Berlin is also served by the Regionalbahn (regional railway), which once connected East Berlin with Potsdam. It still runs around the city. The ticket prices vary according to the journey.
Traveling at night
Berlin has a comprehensive night-line network that covers all parts of town via buses and trams running every 30 minutes between 12:30am and 4:30am. Before and after these times, the regular timetable for bus and tram routes applies.
Berlin taxis are numerous, safe and efficient. For short journeys, ask for a Kurzstrecke – up to two km for €3.50, but only available when you’ve hailed a cab and not from a taxi stand. The meter starts €3, and €1.50 per km for the first 7 km thereafter. The rate remains the same at night.
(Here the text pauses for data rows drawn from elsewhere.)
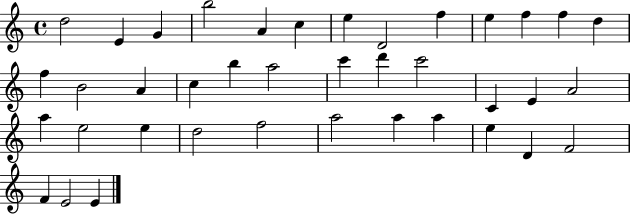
{
  \clef treble
  \time 4/4
  \defaultTimeSignature
  \key c \major
  d''2 e'4 g'4 | b''2 a'4 c''4 | e''4 d'2 f''4 | e''4 f''4 f''4 d''4 | \break f''4 b'2 a'4 | c''4 b''4 a''2 | c'''4 d'''4 c'''2 | c'4 e'4 a'2 | \break a''4 e''2 e''4 | d''2 f''2 | a''2 a''4 a''4 | e''4 d'4 f'2 | \break f'4 e'2 e'4 | \bar "|."
}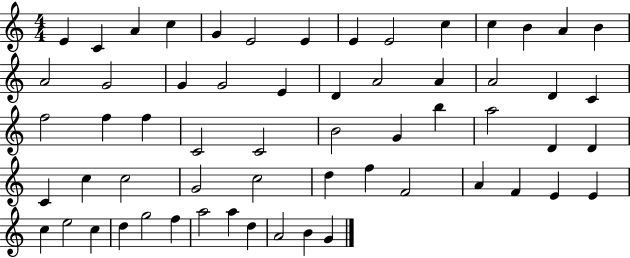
E4/q C4/q A4/q C5/q G4/q E4/h E4/q E4/q E4/h C5/q C5/q B4/q A4/q B4/q A4/h G4/h G4/q G4/h E4/q D4/q A4/h A4/q A4/h D4/q C4/q F5/h F5/q F5/q C4/h C4/h B4/h G4/q B5/q A5/h D4/q D4/q C4/q C5/q C5/h G4/h C5/h D5/q F5/q F4/h A4/q F4/q E4/q E4/q C5/q E5/h C5/q D5/q G5/h F5/q A5/h A5/q D5/q A4/h B4/q G4/q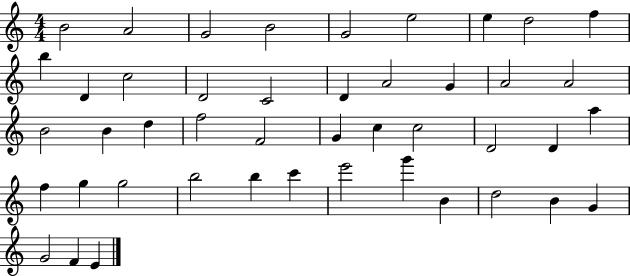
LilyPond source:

{
  \clef treble
  \numericTimeSignature
  \time 4/4
  \key c \major
  b'2 a'2 | g'2 b'2 | g'2 e''2 | e''4 d''2 f''4 | \break b''4 d'4 c''2 | d'2 c'2 | d'4 a'2 g'4 | a'2 a'2 | \break b'2 b'4 d''4 | f''2 f'2 | g'4 c''4 c''2 | d'2 d'4 a''4 | \break f''4 g''4 g''2 | b''2 b''4 c'''4 | e'''2 g'''4 b'4 | d''2 b'4 g'4 | \break g'2 f'4 e'4 | \bar "|."
}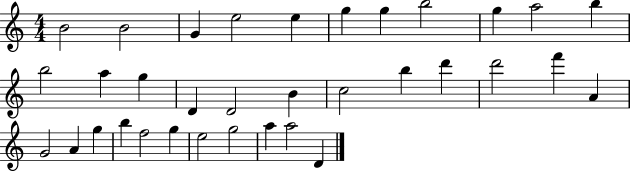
B4/h B4/h G4/q E5/h E5/q G5/q G5/q B5/h G5/q A5/h B5/q B5/h A5/q G5/q D4/q D4/h B4/q C5/h B5/q D6/q D6/h F6/q A4/q G4/h A4/q G5/q B5/q F5/h G5/q E5/h G5/h A5/q A5/h D4/q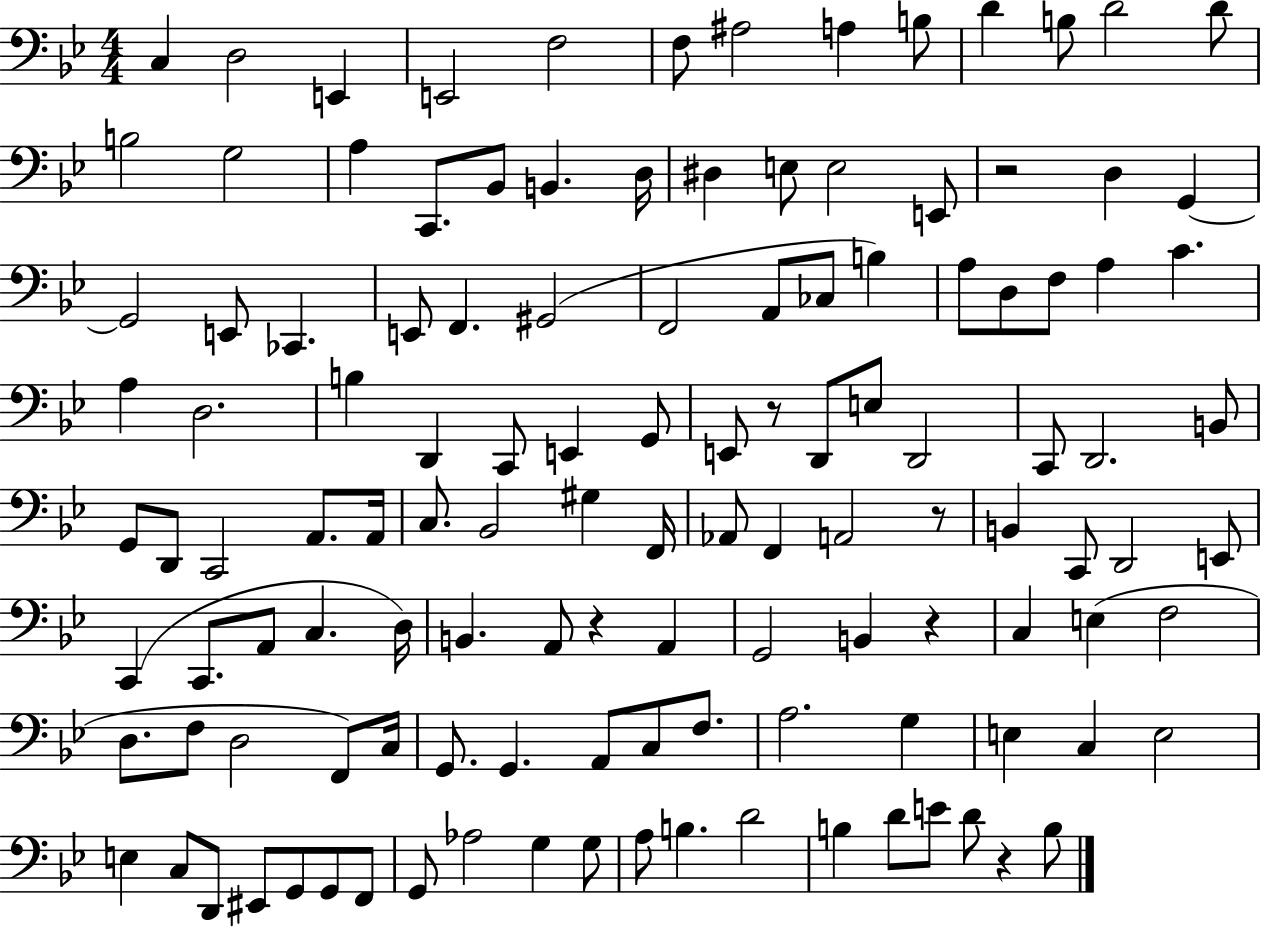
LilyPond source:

{
  \clef bass
  \numericTimeSignature
  \time 4/4
  \key bes \major
  c4 d2 e,4 | e,2 f2 | f8 ais2 a4 b8 | d'4 b8 d'2 d'8 | \break b2 g2 | a4 c,8. bes,8 b,4. d16 | dis4 e8 e2 e,8 | r2 d4 g,4~~ | \break g,2 e,8 ces,4. | e,8 f,4. gis,2( | f,2 a,8 ces8 b4) | a8 d8 f8 a4 c'4. | \break a4 d2. | b4 d,4 c,8 e,4 g,8 | e,8 r8 d,8 e8 d,2 | c,8 d,2. b,8 | \break g,8 d,8 c,2 a,8. a,16 | c8. bes,2 gis4 f,16 | aes,8 f,4 a,2 r8 | b,4 c,8 d,2 e,8 | \break c,4( c,8. a,8 c4. d16) | b,4. a,8 r4 a,4 | g,2 b,4 r4 | c4 e4( f2 | \break d8. f8 d2 f,8) c16 | g,8. g,4. a,8 c8 f8. | a2. g4 | e4 c4 e2 | \break e4 c8 d,8 eis,8 g,8 g,8 f,8 | g,8 aes2 g4 g8 | a8 b4. d'2 | b4 d'8 e'8 d'8 r4 b8 | \break \bar "|."
}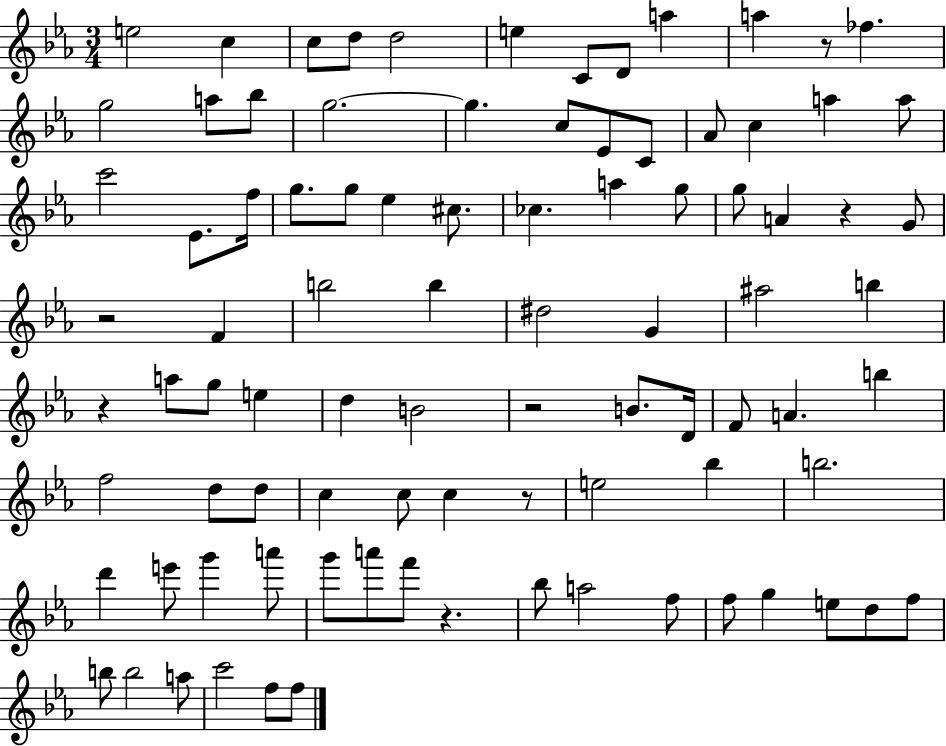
{
  \clef treble
  \numericTimeSignature
  \time 3/4
  \key ees \major
  e''2 c''4 | c''8 d''8 d''2 | e''4 c'8 d'8 a''4 | a''4 r8 fes''4. | \break g''2 a''8 bes''8 | g''2.~~ | g''4. c''8 ees'8 c'8 | aes'8 c''4 a''4 a''8 | \break c'''2 ees'8. f''16 | g''8. g''8 ees''4 cis''8. | ces''4. a''4 g''8 | g''8 a'4 r4 g'8 | \break r2 f'4 | b''2 b''4 | dis''2 g'4 | ais''2 b''4 | \break r4 a''8 g''8 e''4 | d''4 b'2 | r2 b'8. d'16 | f'8 a'4. b''4 | \break f''2 d''8 d''8 | c''4 c''8 c''4 r8 | e''2 bes''4 | b''2. | \break d'''4 e'''8 g'''4 a'''8 | g'''8 a'''8 f'''8 r4. | bes''8 a''2 f''8 | f''8 g''4 e''8 d''8 f''8 | \break b''8 b''2 a''8 | c'''2 f''8 f''8 | \bar "|."
}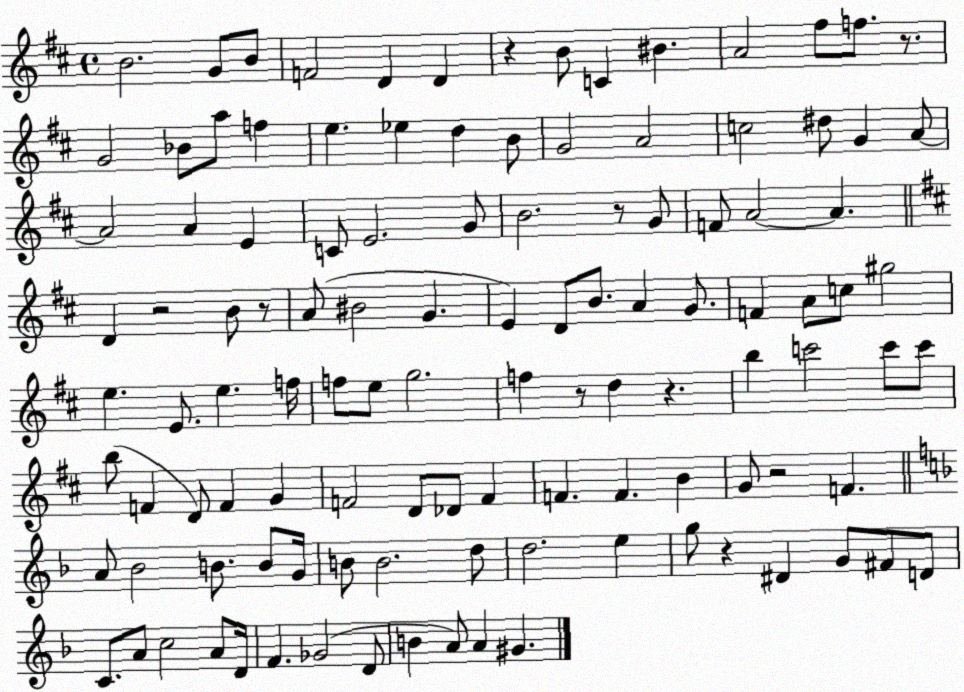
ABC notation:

X:1
T:Untitled
M:4/4
L:1/4
K:D
B2 G/2 B/2 F2 D D z B/2 C ^B A2 ^f/2 f/2 z/2 G2 _B/2 a/2 f e _e d B/2 G2 A2 c2 ^d/2 G A/2 A2 A E C/2 E2 G/2 B2 z/2 G/2 F/2 A2 A D z2 B/2 z/2 A/2 ^B2 G E D/2 B/2 A G/2 F A/2 c/2 ^g2 e E/2 e f/4 f/2 e/2 g2 f z/2 d z b c'2 c'/2 c'/2 b/2 F D/2 F G F2 D/2 _D/2 F F F B G/2 z2 F A/2 _B2 B/2 B/2 G/4 B/2 B2 d/2 d2 e g/2 z ^D G/2 ^F/2 D/2 C/2 A/2 c2 A/2 D/4 F _G2 D/2 B A/2 A ^G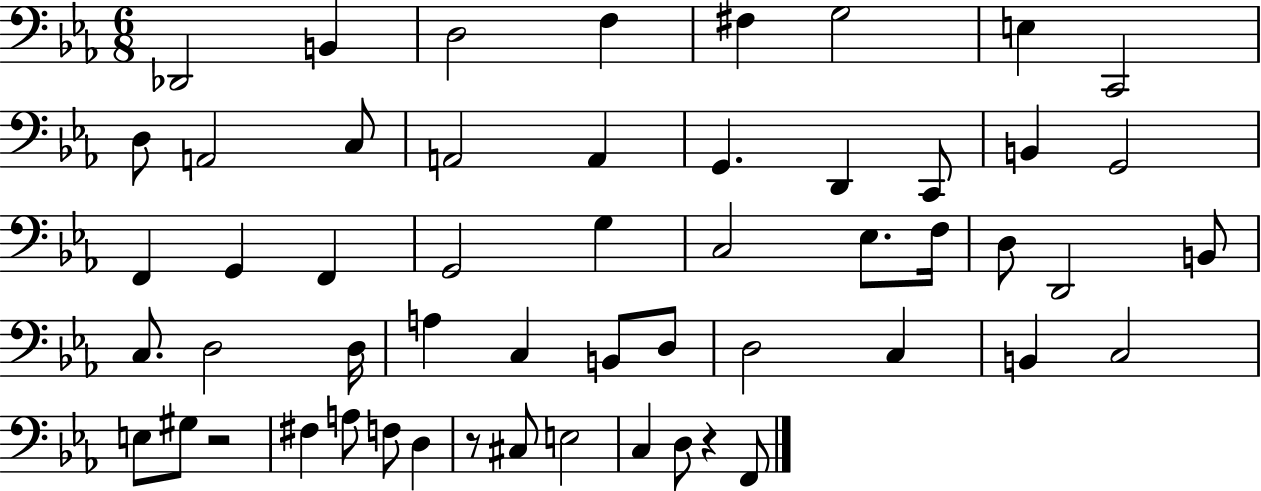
{
  \clef bass
  \numericTimeSignature
  \time 6/8
  \key ees \major
  \repeat volta 2 { des,2 b,4 | d2 f4 | fis4 g2 | e4 c,2 | \break d8 a,2 c8 | a,2 a,4 | g,4. d,4 c,8 | b,4 g,2 | \break f,4 g,4 f,4 | g,2 g4 | c2 ees8. f16 | d8 d,2 b,8 | \break c8. d2 d16 | a4 c4 b,8 d8 | d2 c4 | b,4 c2 | \break e8 gis8 r2 | fis4 a8 f8 d4 | r8 cis8 e2 | c4 d8 r4 f,8 | \break } \bar "|."
}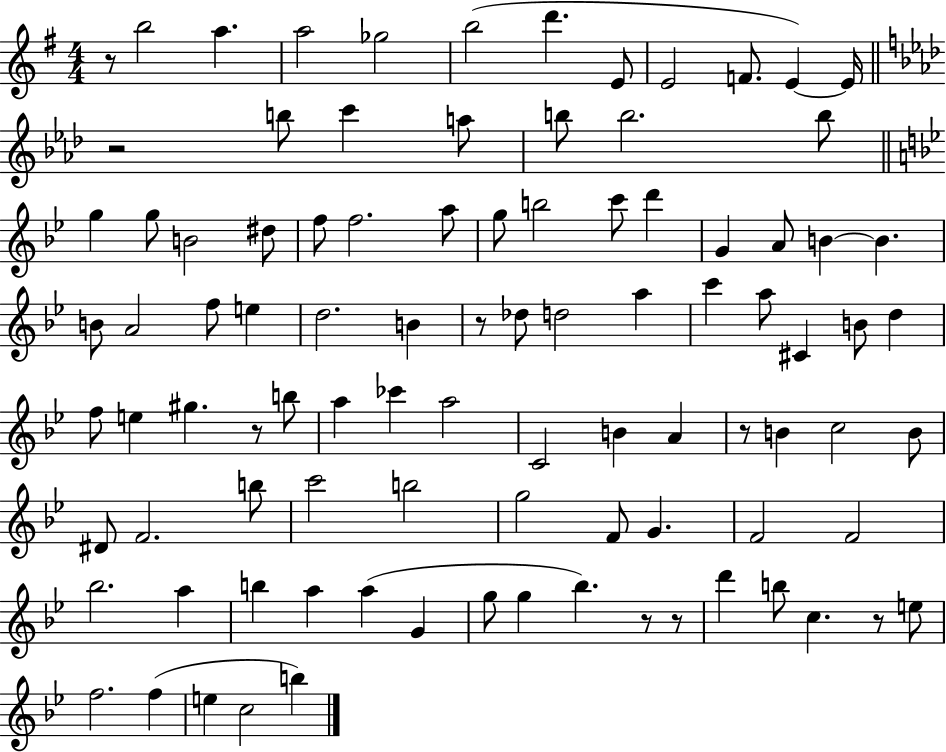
{
  \clef treble
  \numericTimeSignature
  \time 4/4
  \key g \major
  r8 b''2 a''4. | a''2 ges''2 | b''2( d'''4. e'8 | e'2 f'8. e'4~~) e'16 | \break \bar "||" \break \key f \minor r2 b''8 c'''4 a''8 | b''8 b''2. b''8 | \bar "||" \break \key bes \major g''4 g''8 b'2 dis''8 | f''8 f''2. a''8 | g''8 b''2 c'''8 d'''4 | g'4 a'8 b'4~~ b'4. | \break b'8 a'2 f''8 e''4 | d''2. b'4 | r8 des''8 d''2 a''4 | c'''4 a''8 cis'4 b'8 d''4 | \break f''8 e''4 gis''4. r8 b''8 | a''4 ces'''4 a''2 | c'2 b'4 a'4 | r8 b'4 c''2 b'8 | \break dis'8 f'2. b''8 | c'''2 b''2 | g''2 f'8 g'4. | f'2 f'2 | \break bes''2. a''4 | b''4 a''4 a''4( g'4 | g''8 g''4 bes''4.) r8 r8 | d'''4 b''8 c''4. r8 e''8 | \break f''2. f''4( | e''4 c''2 b''4) | \bar "|."
}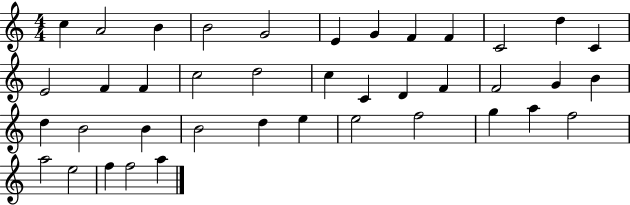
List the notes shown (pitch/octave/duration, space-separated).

C5/q A4/h B4/q B4/h G4/h E4/q G4/q F4/q F4/q C4/h D5/q C4/q E4/h F4/q F4/q C5/h D5/h C5/q C4/q D4/q F4/q F4/h G4/q B4/q D5/q B4/h B4/q B4/h D5/q E5/q E5/h F5/h G5/q A5/q F5/h A5/h E5/h F5/q F5/h A5/q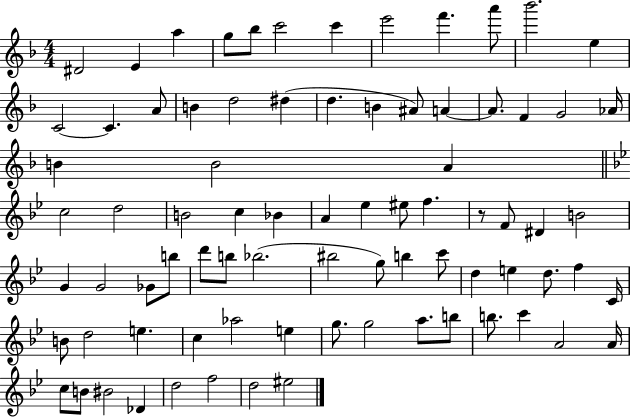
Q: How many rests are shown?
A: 1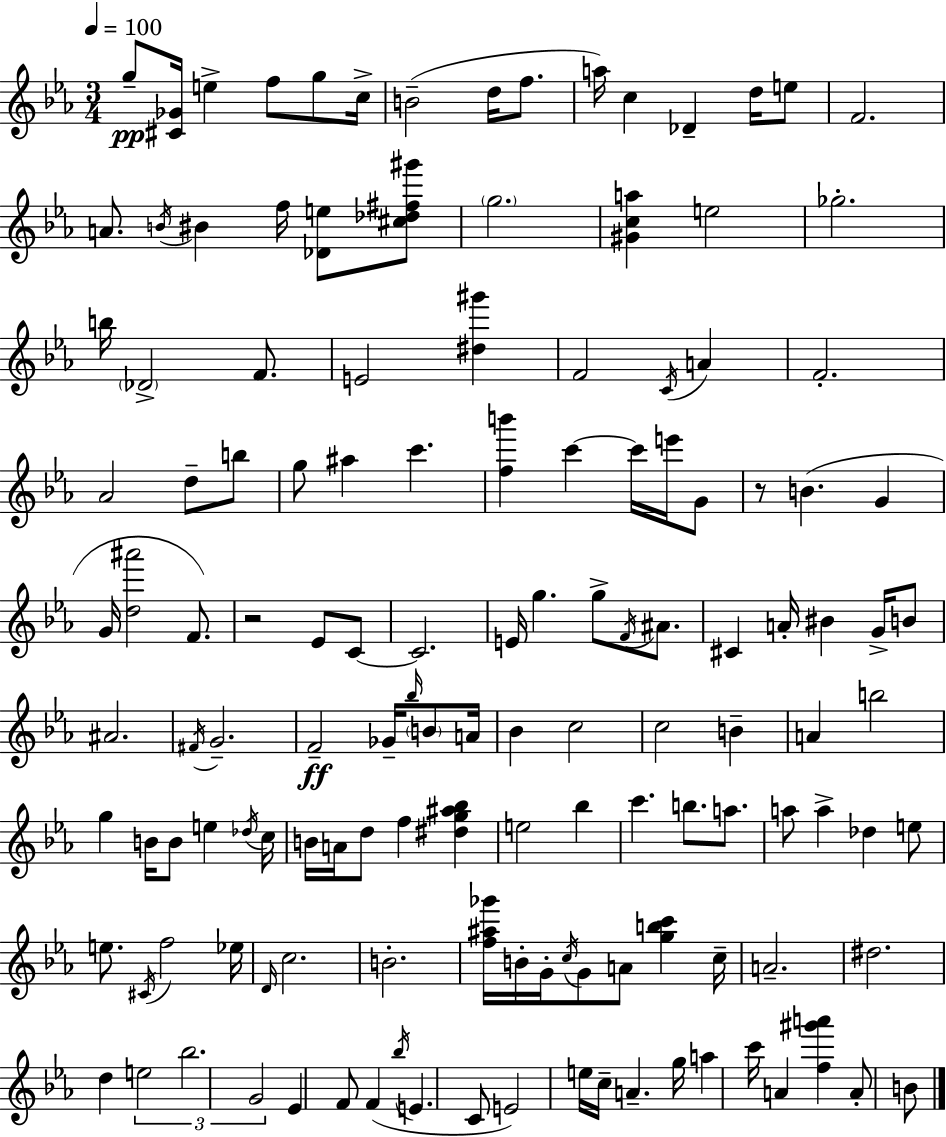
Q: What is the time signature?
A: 3/4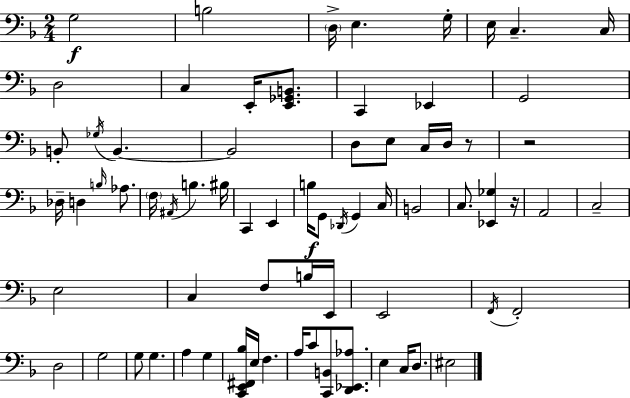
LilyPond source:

{
  \clef bass
  \numericTimeSignature
  \time 2/4
  \key d \minor
  g2\f | b2 | \parenthesize d16-> e4. g16-. | e16 c4.-- c16 | \break d2 | c4 e,16-. <e, ges, b,>8. | c,4 ees,4 | g,2 | \break b,8-. \acciaccatura { ges16 } b,4.~~ | b,2 | d8 e8 c16 d16 r8 | r2 | \break des16-- d4 \grace { b16 } aes8. | \parenthesize f16 \acciaccatura { ais,16 } b4. | bis16 c,4 e,4 | b16\f g,8 \acciaccatura { des,16 } g,4 | \break c16 b,2 | c8. <ees, ges>4 | r16 a,2 | c2-- | \break e2 | c4 | f8 b16 e,16 e,2 | \acciaccatura { f,16 } f,2-. | \break d2 | g2 | g8 g4. | a4 | \break g4 <c, e, fis, bes>16 e16 f4. | a16 c'8 | <c, b,>8 <d, ees, aes>8. e4 | c16 d8. eis2 | \break \bar "|."
}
There are plenty of taxi stands, especially in central areas. You can call for a taxi 24 hours daily at 261 026. Most firms can transport people with disabilities but require advance notice. Taxis accept all major credit cards.
Exploring Berlin by car is another easy way to get around. There is a wide range of vehicles for rent. Drivers should bear in mind that, in the absence of signals, they must yield to traffic from the right. Trams always have right of way. An Einbahnstraße is a one-way street.
Parking is free in Berlin side streets, but spaces are hard to find. On busier streets, you may have to buy a ticket (€1 per hour) from a nearby machine.
Berlin is wonderful for cycling. The west side is flat, with lots of cycle paths, parks and canals to cruise beside, whereas the east has fewer cycle paths and more cobblestones and tram lines. Cycles can be taken on the U-Bahn (except during rush hour).
Berlin is a large city, with many things to see and do. Most gay travellers stay near the Schöneberg, Prenzlauer Berg or Berlin Mitte.
Pergamon Museum – contains several fantastic artifacts, including the huge Altar of Zeus.
Berlin Philharmonic – features some of the best classical music to be had in Germany.
Deutsches Historisches Museum
Neues Museum – features the Egyptian collection.
Parliament Building (Reichstag) – one of the best circular views of the great capital city with its amazingly sleek glass and steel dome, designed by famous British architect, Sir Norman Foster.
The Holocaust Memorial
Memorial Of The Berlin Wall
Brandenburg Gate (Brandenburger Tor) – famous monument which has long been a defining symbol of Berlin (pictured above)
Potsdam – historic sites and gardens; the most popular day trip from Berlin.